Give back the lines of the records exactly, starting at the first and ending at the one with "May include: White".

[Short web captions]
════

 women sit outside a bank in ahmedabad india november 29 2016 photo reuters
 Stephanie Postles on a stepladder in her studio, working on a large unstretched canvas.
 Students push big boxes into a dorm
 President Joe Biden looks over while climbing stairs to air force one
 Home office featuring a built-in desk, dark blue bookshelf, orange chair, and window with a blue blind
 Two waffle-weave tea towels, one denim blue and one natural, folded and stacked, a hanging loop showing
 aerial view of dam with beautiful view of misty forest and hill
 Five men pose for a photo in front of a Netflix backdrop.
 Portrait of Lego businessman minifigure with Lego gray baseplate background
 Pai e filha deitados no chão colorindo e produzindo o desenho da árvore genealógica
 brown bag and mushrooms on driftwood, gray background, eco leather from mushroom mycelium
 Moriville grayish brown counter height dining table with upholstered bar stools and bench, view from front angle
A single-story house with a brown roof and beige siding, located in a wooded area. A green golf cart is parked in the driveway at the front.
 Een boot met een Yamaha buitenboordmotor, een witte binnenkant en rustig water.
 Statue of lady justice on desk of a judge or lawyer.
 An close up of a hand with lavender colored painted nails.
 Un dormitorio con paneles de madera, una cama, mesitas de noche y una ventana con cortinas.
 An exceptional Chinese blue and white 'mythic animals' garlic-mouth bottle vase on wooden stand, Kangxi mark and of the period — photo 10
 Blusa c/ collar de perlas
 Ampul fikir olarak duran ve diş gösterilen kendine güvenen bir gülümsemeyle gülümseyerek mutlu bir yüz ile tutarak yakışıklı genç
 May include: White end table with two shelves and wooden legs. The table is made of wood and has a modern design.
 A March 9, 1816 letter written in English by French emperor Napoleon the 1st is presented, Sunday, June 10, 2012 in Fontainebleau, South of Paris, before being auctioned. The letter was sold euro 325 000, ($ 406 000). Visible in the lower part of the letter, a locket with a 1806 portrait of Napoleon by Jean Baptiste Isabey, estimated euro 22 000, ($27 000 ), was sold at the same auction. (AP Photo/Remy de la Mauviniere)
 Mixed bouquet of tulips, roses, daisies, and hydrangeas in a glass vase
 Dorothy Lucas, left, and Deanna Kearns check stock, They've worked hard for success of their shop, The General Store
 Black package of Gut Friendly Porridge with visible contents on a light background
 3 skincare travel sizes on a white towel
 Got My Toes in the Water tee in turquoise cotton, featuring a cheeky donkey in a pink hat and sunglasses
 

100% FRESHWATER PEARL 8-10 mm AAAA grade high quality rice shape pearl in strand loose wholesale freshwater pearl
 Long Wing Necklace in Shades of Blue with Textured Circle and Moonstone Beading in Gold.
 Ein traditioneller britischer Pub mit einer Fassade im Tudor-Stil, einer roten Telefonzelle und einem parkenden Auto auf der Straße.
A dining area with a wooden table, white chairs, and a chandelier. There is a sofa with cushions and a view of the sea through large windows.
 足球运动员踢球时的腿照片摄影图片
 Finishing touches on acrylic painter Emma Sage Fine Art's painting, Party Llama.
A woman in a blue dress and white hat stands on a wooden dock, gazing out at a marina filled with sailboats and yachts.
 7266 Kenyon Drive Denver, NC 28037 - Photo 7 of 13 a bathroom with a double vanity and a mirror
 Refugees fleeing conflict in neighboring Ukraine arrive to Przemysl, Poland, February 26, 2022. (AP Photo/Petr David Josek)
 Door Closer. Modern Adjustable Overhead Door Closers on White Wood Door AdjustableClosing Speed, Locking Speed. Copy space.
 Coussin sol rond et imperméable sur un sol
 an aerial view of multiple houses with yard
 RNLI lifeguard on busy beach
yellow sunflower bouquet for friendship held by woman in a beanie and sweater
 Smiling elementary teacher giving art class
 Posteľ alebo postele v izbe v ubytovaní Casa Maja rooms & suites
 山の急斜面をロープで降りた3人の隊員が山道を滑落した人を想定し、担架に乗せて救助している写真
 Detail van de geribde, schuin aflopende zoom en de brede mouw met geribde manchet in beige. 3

════

# [Written answer]
 women sit outside a bank in ahmedabad india november 29 2016 photo reuters
 Stephanie Postles on a stepladder in her studio, working on a large unstretched canvas.
 Students push big boxes into a dorm
 President Joe Biden looks over while climbing stairs to air force one
 Home office featuring a built-in desk, dark blue bookshelf, orange chair, and window with a blue blind
 Two waffle-weave tea towels, one denim blue and one natural, folded and stacked, a hanging loop showing
 aerial view of dam with beautiful view of misty forest and hill
 Five men pose for a photo in front of a Netflix backdrop.
 Portrait of Lego businessman minifigure with Lego gray baseplate background
 Pai e filha deitados no chão colorindo e produzindo o desenho da árvore genealógica
 brown bag and mushrooms on driftwood, gray background, eco leather from mushroom mycelium
 Moriville grayish brown counter height dining table with upholstered bar stools and bench, view from front angle
A single-story house with a brown roof and beige siding, located in a wooded area. A green golf cart is parked in the driveway at the front.
 Een boot met een Yamaha buitenboordmotor, een witte binnenkant en rustig water.
 Statue of lady justice on desk of a judge or lawyer.
 An close up of a hand with lavender colored painted nails.
 Un dormitorio con paneles de madera, una cama, mesitas de noche y una ventana con cortinas.
 An exceptional Chinese blue and white 'mythic animals' garlic-mouth bottle vase on wooden stand, Kangxi mark and of the period — photo 10
 Blusa c/ collar de perlas
 Ampul fikir olarak duran ve diş gösterilen kendine güvenen bir gülümsemeyle gülümseyerek mutlu bir yüz ile tutarak yakışıklı genç
 May include: White end table with two shelves and wooden legs. The table is made of wood and has a modern design.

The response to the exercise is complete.